Где-то после восьмого класса я решил за лето подкопить денег на собственные нужды. И единственным вариантом оказалась должность «кустострига», которую любезно предоставлял местный ЖЭК. Или ЖКХ. Или собес. Я до сих пор не знаю, что из себя в точности представляла эта контора.

Но суть была в следующем: берется мешок школьников, которым нечего делать на каникулах, оснащается (читай: приносит из дома) топорами/пилами/секаторами и вырубает молодую поросль в центральном парке моего горячо (не)любимого городишки. Платить обещали немного, но тогда для меня это было ого-го. Я даже трудовую завел ради этого, правда, потерял ее потом.

А история была такая. В один прекрасный день, оскверняя природу своими погаными инструментами, мы под одним кустом нашли член. Обычный такой член, заботливо выструганный чьими-то умелыми руками из цельного куска древесины. Со всеми анатомическими подробностями.

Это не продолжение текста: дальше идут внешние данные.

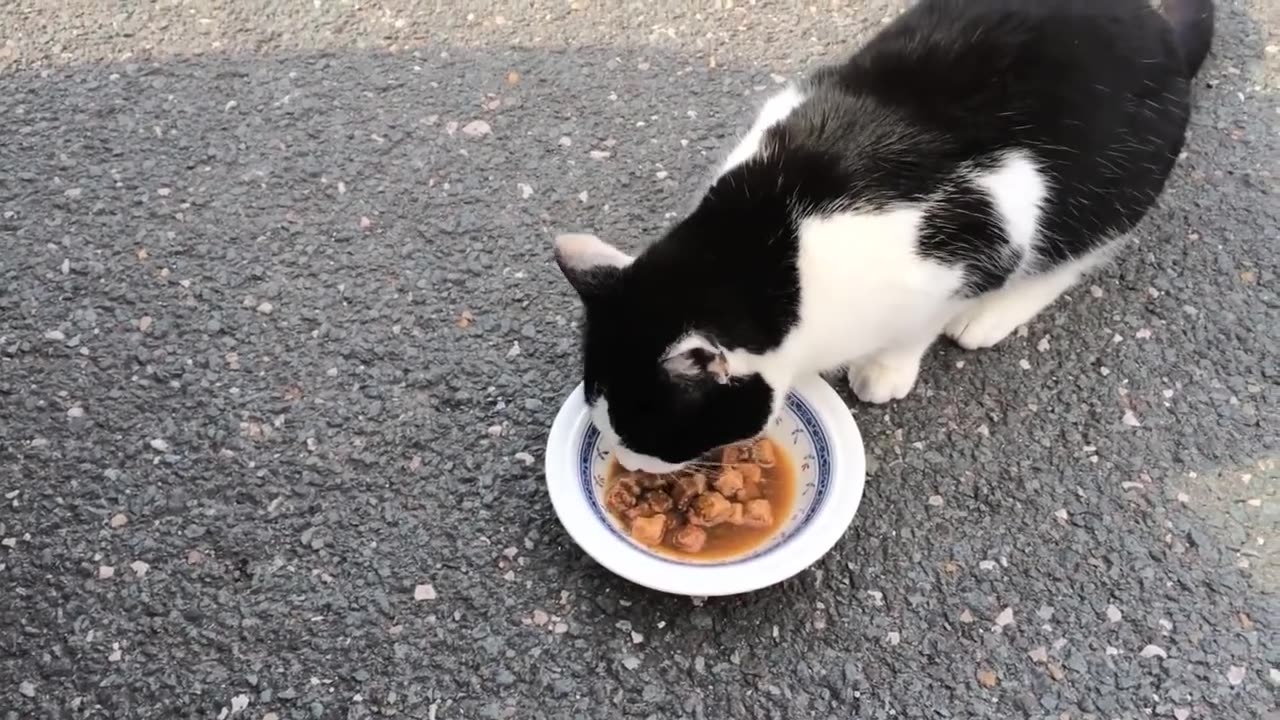 Beautiful cat videos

Мы посмеялись, покидали его друг в друга. А потом это заметила тетка, которая нас контролировала, и забрала его себе. Надеюсь, выкинула.

Возможно, дело было в Химках


Елена:

Это даже не про работу, а про стажировку в одной крупной московской компании. Я там практиковалась в HR в течение месяца. А в один день пришла большая начальница и кинула клич – нарисовать пригласительные на свадьбу. Разумеется, ни у кого на компьютерах специализированных программ не было. И я решила сделать это в Microsoft Visio – программе для построения графиков, схем и всякого такого. Получилось. Начальница одобрила. На мою карту потом упало на десять тысяч больше, чем должно было.


Виктория:

Когда мне было четырнадцать, я устроилась работать уборщицей в музей моего родного провинциального городка, где заведующим был мой дед. Музей представлял собой нечто пафосно-жалкое: на витринах рядом с останками войны и трудового подвига советского народа красовались щи выгребших на волне развала державы ростовщиков и бандитов. Это было постыдным фактом, без которого не могло существовать почти ни одно культурное учреждение в забытом богами провинциальном городке.

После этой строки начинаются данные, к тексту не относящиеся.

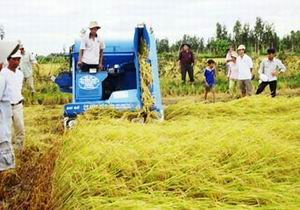 Phó Thủ tướng Vũ Văn Ninh: Không chạy theo thành tích khi xây dựng nông thôn mới 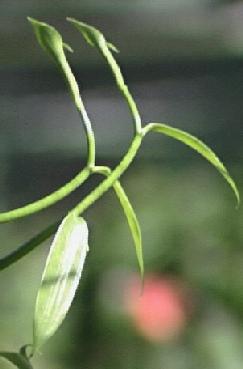Vanilla planifolia: Vanillezweig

Дед мой нес это бремя с честью, и работать с ним всегда было сплошным удовольствием, как и всегда, если сотрудничаешь с умным человеком — а я потом не раз обращалась к его помощи, когда работала журналистом на местном ТВ: он был отличным историком. Но тогда мне было четырнадцать, я была уборщицей в музее, а дед мой, как водится у истинных историков, хранил свои тайны в секретных стеллажах.

Тайны были очень разные: от бутылочки редкого домашнего вина (как уроженец южной Бессарабии, я любовь к таковому впитала с молоком матери) до жертвоприношений от местных жителей, раскопавших нечаянно в яме для артезианской скважины какие-нибудь СОКРОВИЩА. Однажды такое сокровище оказалось кинжалом бронзового века стоимостью около 10 тысяч евро – а на вид просто стрёмный обломок металла, надо же. Нет, я не собиралась обокрасть музей или выпить весь дедов алкоголь – мною двигало простое подростковое любопытство, когда, убирая его кабинет, я заглядывала ещё и в запретные стеллажи, чтоб обмахнуть с их внутренностей запретную пыль, конечно же.

И вот однажды открываю я в предвкушении дверцу, а оттуда на меня пялится череп! Самый настоящий. Если вы держали в руках человеческие останки – вы поймёте. Настоящий костяной череп — верхняя половина, без нижней челюсти. Естественно, я сперла его домой. Дед так и не замечал пропажи ещё довольно долгое время. Потом меня заела совесть, я вернула череп на место, набралась смелости и спросила: почему эта штука лежит на полках?

История у черепа оказалась потрясающая. Он принадлежит половецкой девочке, которая жила примерно тысячу лет назад. Она была найдена в ходе археологических раскопок в моём городе — точнее, её половина: вторую половину сварили и съели. Был у половцев такой милый обычай в честь какого-то божества. Найденную половину скелета передали в музей, тогда находившийся ещё при школе. Это было в шестидесятые.

И с того же дня у моего деда начались сильные недомогания. Тошнило, кружилась и болела голова, был нарушен сон – так продолжалось пару дней, пока, подчиняясь неведомому наитию, дед не выкинул все кости, кроме верхней части черепа, в омут, образовавшийся из ямы под фундамент многоэтажки. Недомогания сразу кончились.

А ведь дед умер атеистом.

Сейчас череп в том же музее. На него наклеили инвентарный номер, и никто не знает его — её — историю.